**Data:**

-------

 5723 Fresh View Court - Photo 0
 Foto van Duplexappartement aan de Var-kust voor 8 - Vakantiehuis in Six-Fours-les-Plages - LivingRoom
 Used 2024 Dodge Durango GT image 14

-------

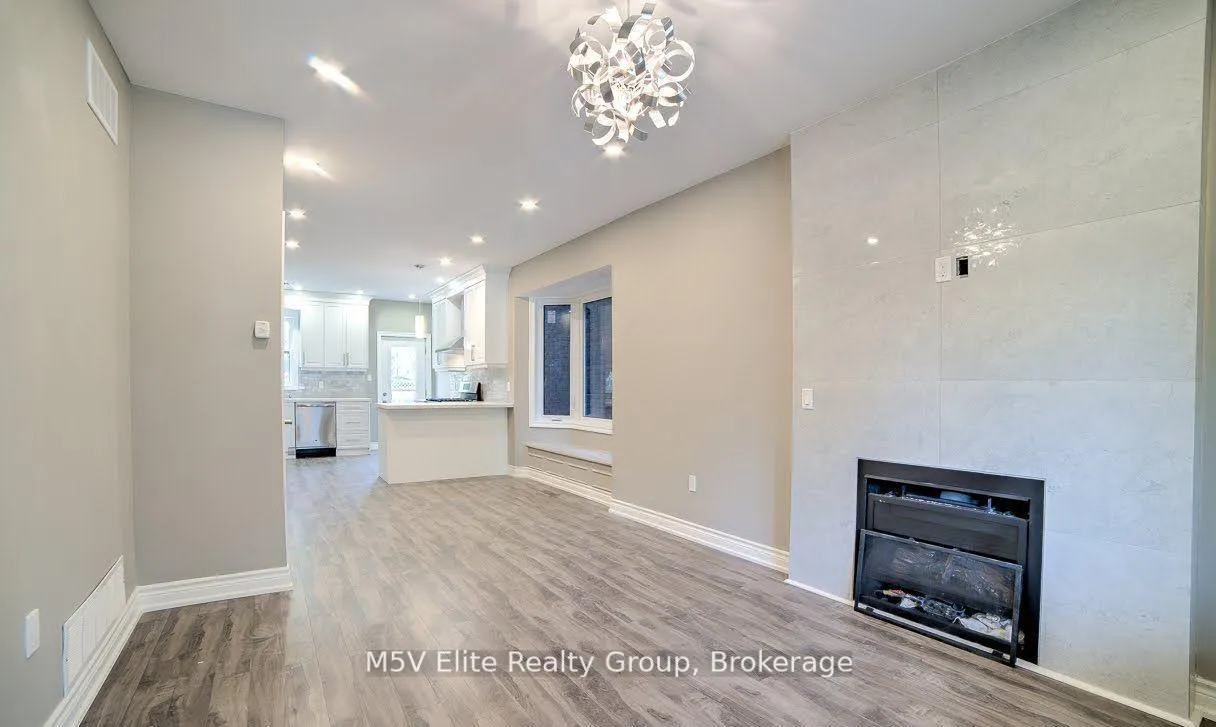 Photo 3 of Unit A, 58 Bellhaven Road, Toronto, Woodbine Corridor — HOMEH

-------

**Problem details:** Return word for word the lines above from the line with "5723 Fresh View Court - Photo 0" to the line with "Used 2024 Dodge Durango GT image 14", including both and leaving out all others.

**Response for this exercise:**
 5723 Fresh View Court - Photo 0
 Foto van Duplexappartement aan de Var-kust voor 8 - Vakantiehuis in Six-Fours-les-Plages - LivingRoom
 Used 2024 Dodge Durango GT image 14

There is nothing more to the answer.